Tekst, który Paweł miał na myśli, to są Pisma hebrajskie w kanonie jerozolimskim. Mówiliśmy o tym już kilka razy w wątku o nieomylności Pisma. Druga rzecz, to zasada, która działa również w NT i dlatego zarówno Piotr jak i Jan ostrzegają przed przekręcaniem listów Pawła jako Pism [II Piotra 3:15-16] i dodawaniem czegokolwiek do proroctwa Janowej Apokalipsy [Obj. 22:18]. To samo ostrzeżenie mamy w Przyp.
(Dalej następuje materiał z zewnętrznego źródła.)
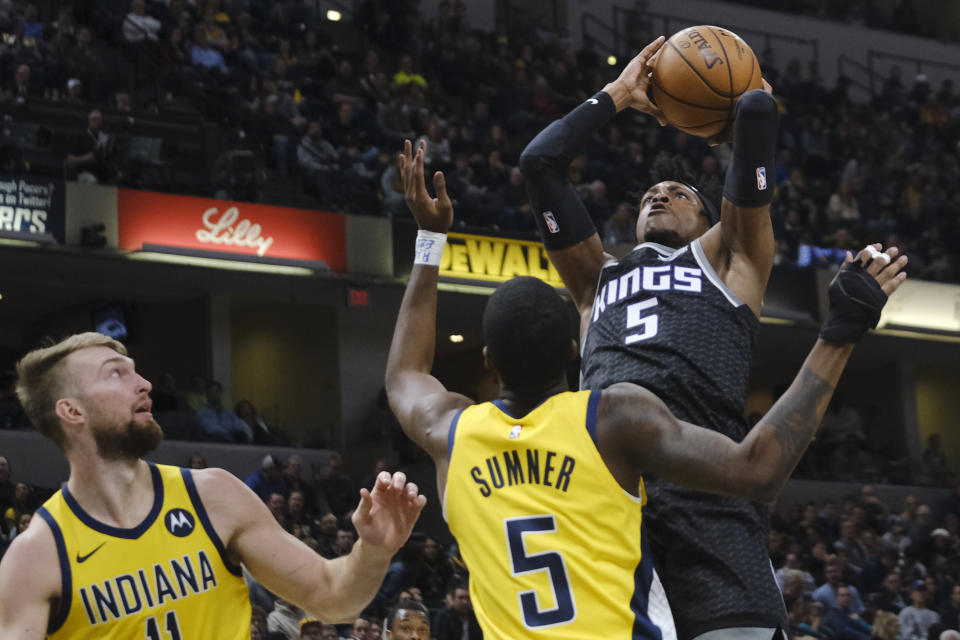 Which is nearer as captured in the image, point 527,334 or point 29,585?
point 527,334

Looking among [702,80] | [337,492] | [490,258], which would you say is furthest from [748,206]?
[490,258]

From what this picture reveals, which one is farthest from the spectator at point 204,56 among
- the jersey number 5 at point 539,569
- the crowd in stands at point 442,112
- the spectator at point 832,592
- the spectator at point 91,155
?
the jersey number 5 at point 539,569

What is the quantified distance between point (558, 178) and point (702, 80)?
0.70 m

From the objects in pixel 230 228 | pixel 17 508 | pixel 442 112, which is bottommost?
pixel 17 508

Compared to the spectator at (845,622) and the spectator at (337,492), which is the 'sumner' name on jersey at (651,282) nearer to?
the spectator at (845,622)

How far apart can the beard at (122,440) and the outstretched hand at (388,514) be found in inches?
→ 24.2

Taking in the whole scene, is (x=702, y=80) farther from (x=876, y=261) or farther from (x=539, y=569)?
(x=539, y=569)

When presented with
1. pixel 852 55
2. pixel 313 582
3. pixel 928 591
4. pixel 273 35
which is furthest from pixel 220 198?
pixel 852 55

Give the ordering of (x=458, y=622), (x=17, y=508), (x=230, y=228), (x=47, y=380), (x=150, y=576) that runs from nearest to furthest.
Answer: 1. (x=150, y=576)
2. (x=47, y=380)
3. (x=458, y=622)
4. (x=17, y=508)
5. (x=230, y=228)

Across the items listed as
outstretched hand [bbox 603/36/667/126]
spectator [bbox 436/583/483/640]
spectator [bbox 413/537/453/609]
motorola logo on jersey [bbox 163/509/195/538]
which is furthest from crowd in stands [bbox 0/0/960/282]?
motorola logo on jersey [bbox 163/509/195/538]

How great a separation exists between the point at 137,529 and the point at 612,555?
1287 millimetres

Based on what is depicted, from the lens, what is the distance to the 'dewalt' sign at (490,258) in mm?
18234

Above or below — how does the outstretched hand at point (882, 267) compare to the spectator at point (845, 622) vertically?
above

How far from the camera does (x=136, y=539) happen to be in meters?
3.78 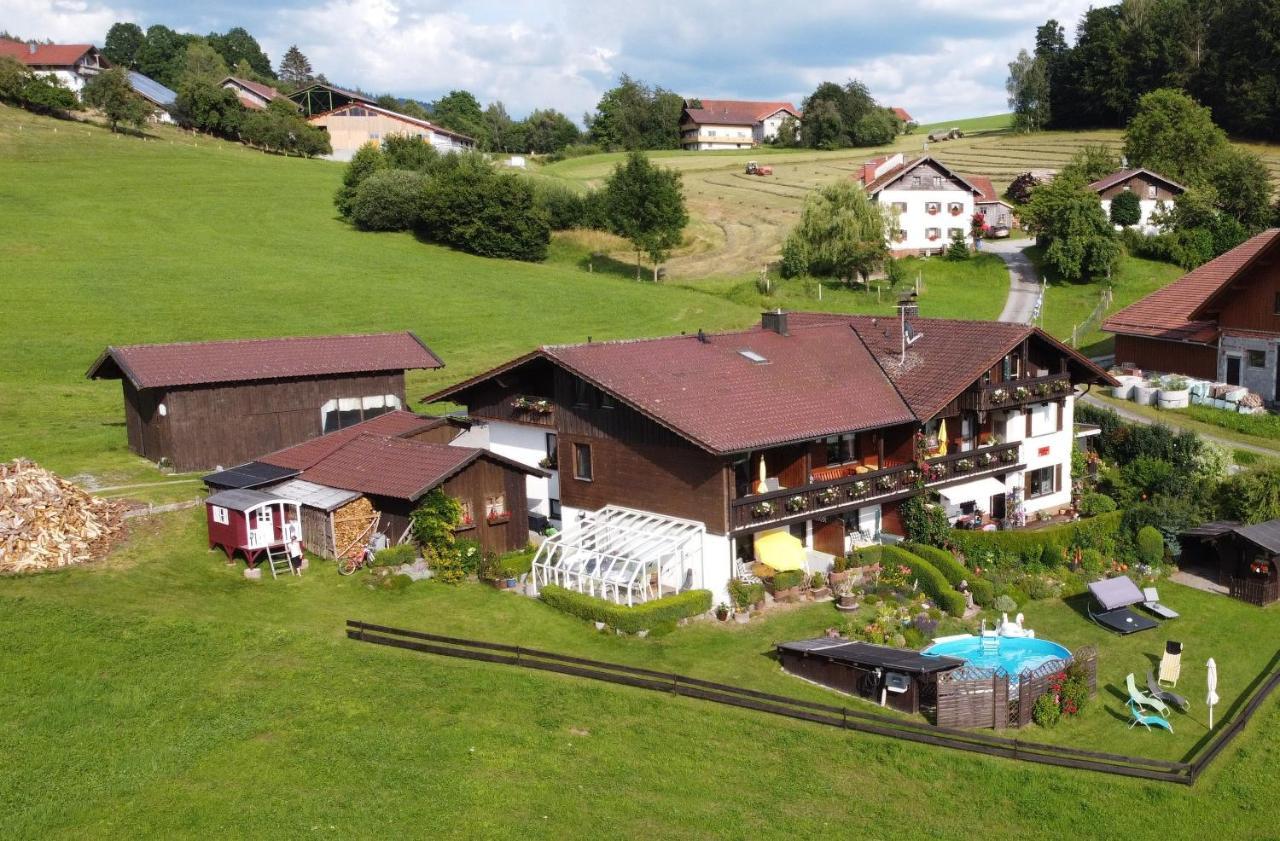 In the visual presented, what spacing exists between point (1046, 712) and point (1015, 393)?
48.4ft

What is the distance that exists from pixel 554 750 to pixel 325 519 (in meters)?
13.7

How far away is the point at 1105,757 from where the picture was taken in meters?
22.1

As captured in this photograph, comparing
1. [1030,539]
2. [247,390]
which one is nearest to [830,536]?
[1030,539]

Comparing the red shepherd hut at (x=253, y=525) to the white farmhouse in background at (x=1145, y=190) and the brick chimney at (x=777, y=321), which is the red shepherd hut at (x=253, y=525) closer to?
the brick chimney at (x=777, y=321)

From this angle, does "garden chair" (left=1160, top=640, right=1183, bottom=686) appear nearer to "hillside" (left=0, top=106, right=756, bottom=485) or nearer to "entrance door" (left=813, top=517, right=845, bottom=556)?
"entrance door" (left=813, top=517, right=845, bottom=556)

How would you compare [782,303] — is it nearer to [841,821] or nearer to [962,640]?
[962,640]

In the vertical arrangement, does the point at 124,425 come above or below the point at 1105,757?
above

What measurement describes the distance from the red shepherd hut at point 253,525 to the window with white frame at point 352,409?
36.7ft

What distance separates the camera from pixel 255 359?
138 feet

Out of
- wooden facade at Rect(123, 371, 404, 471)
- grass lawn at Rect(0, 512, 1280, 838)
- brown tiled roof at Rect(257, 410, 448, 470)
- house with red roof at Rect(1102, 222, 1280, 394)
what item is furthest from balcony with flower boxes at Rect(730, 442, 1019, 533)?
wooden facade at Rect(123, 371, 404, 471)

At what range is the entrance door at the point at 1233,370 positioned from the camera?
4950 centimetres

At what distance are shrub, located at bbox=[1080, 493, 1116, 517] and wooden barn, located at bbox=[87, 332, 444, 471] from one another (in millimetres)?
25514

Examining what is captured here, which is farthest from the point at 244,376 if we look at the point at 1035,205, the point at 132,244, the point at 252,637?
the point at 1035,205

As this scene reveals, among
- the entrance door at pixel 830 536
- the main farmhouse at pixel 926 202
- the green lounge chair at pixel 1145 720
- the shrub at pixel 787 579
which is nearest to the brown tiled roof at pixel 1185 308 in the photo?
the entrance door at pixel 830 536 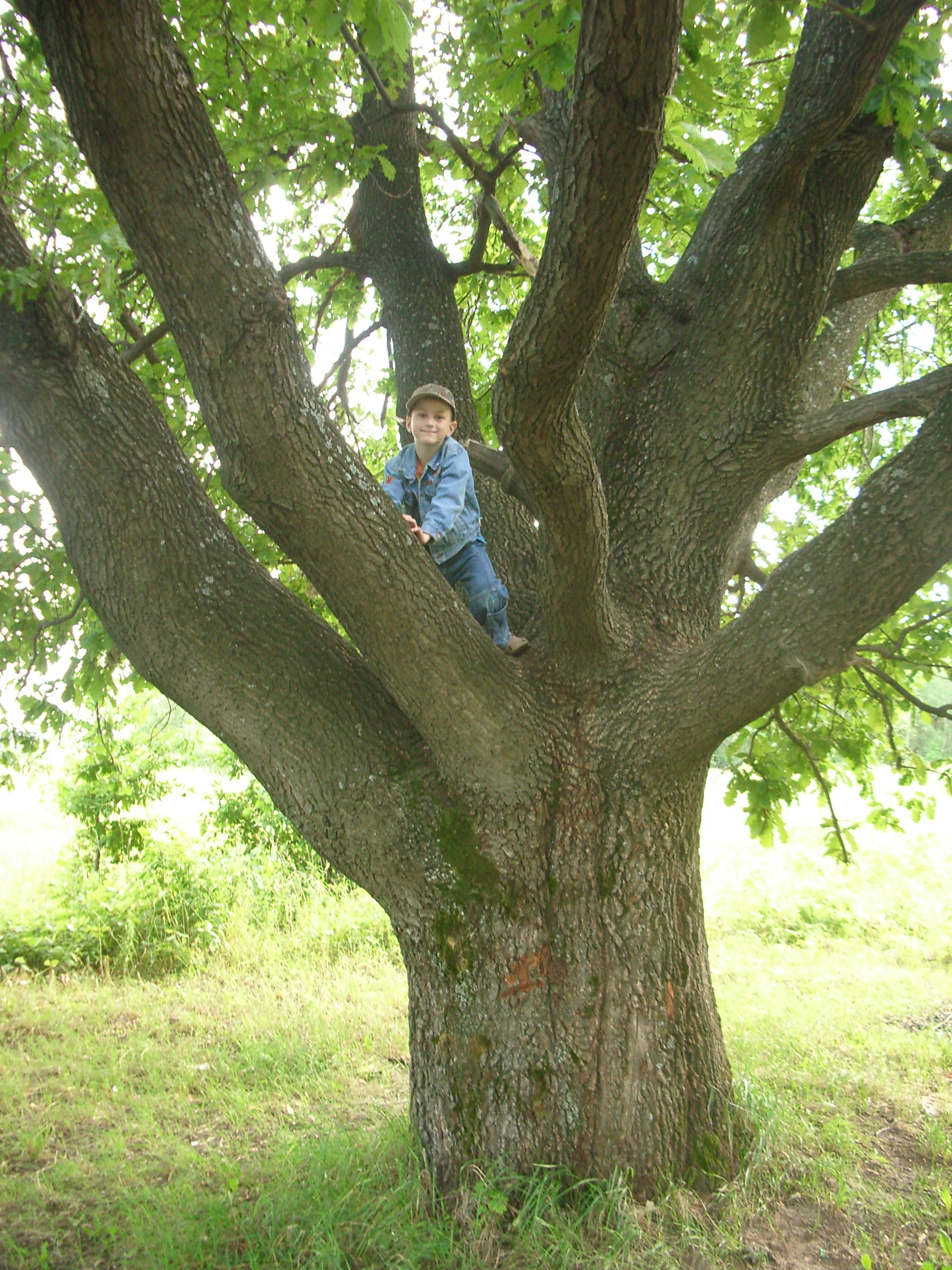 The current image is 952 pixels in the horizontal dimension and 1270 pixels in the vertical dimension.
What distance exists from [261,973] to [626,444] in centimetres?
549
Sal. 30:5-6. Duch Święty wiedział, o jakie Pisma chodzi.

makabi napisał(a):
Cytuj:
Zapętliłeś się i tracisz grunt pod nogami. Dlatego poddajesz w wątpliwość natchnienie Pisma, stawiając Bogu własne warunki, na których On miałby postępować w posługiwaniu się ludźmi podczas rozpoznawania kanonu.
Smoku mylisz sie. To Ty stawiasz Bogu warunki - kanon tak, ale Kosciol nie.
Mylisz się. Kościół tak, instytucja nie. Dlatego to Kościół jako ogół ludzi odrodzonych odebrał kanon zanim wypowiedziały się na ten temat instytucje kościelne wymagające posłuszeństwa i decydujące za wiernych.

makabi napisał(a):
Dlatego Twoja wiara jest niekonsekwentna a trzymasz sie w pionie tylko dlatego, ze choc niekonsekwentnie, ale przyjmujesz koscielne rozstrzygniecia. W innym przypadku nie ma jakichkolwiek powodow, aby wierzyc w cokolwiek.
Nie. Ja po prostu nie dałem się nabrać katolickiej propagandzie, że to kościół rzymsko-katolicki jako instytucja dał nam Biblię i dlatego to magisterium kościoła decyduje o tym, co jest prawdą, a co nie. Trzymam się w pionie, bo Słowo boże jest pionem:

"Takie widzenie dał mi oglądać: Oto Pan stał przy murze z pionem w ręku. I rzekł Pan do mnie: Co widzisz, Amosie? I odpowiedziałem: Pion. Wtedy Wszechmogący rzekł: Oto Ja spuszczam pion wpośród mojego ludu izraelskiego, już mu nie przepuszczę" [Amos 7:7-8]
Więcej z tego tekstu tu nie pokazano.